**What the task asks**
Drop the pictures, then repeat every record exactly as it stands.

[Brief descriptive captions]
────────────────────────────────────────

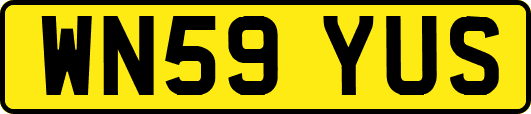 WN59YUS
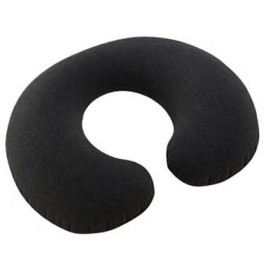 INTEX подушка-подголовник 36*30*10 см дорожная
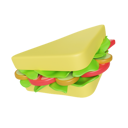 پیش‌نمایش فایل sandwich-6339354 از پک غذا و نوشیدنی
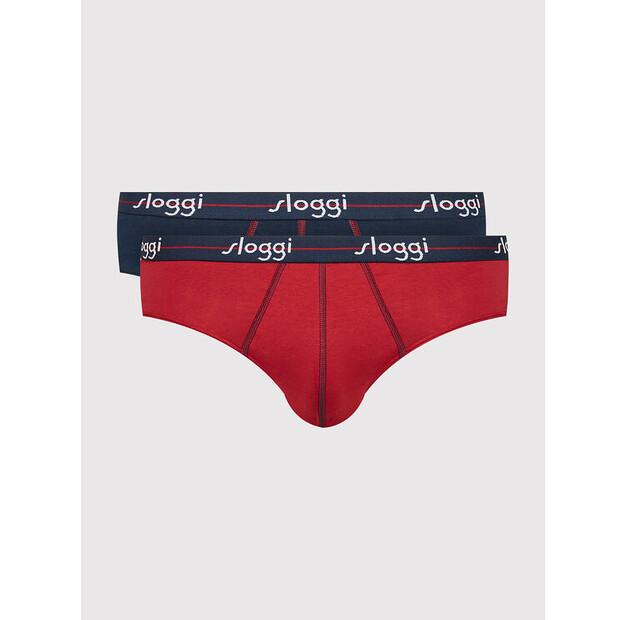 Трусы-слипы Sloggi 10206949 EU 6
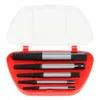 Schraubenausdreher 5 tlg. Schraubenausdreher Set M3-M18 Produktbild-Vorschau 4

────────────────────────────────────────

**Written solution**
 WN59YUS
 INTEX подушка-подголовник 36*30*10 см дорожная
 پیش‌نمایش فایل sandwich-6339354 از پک غذا و نوشیدنی
 Трусы-слипы Sloggi 10206949 EU 6
 Schraubenausdreher 5 tlg. Schraubenausdreher Set M3-M18 Produktbild-Vorschau 4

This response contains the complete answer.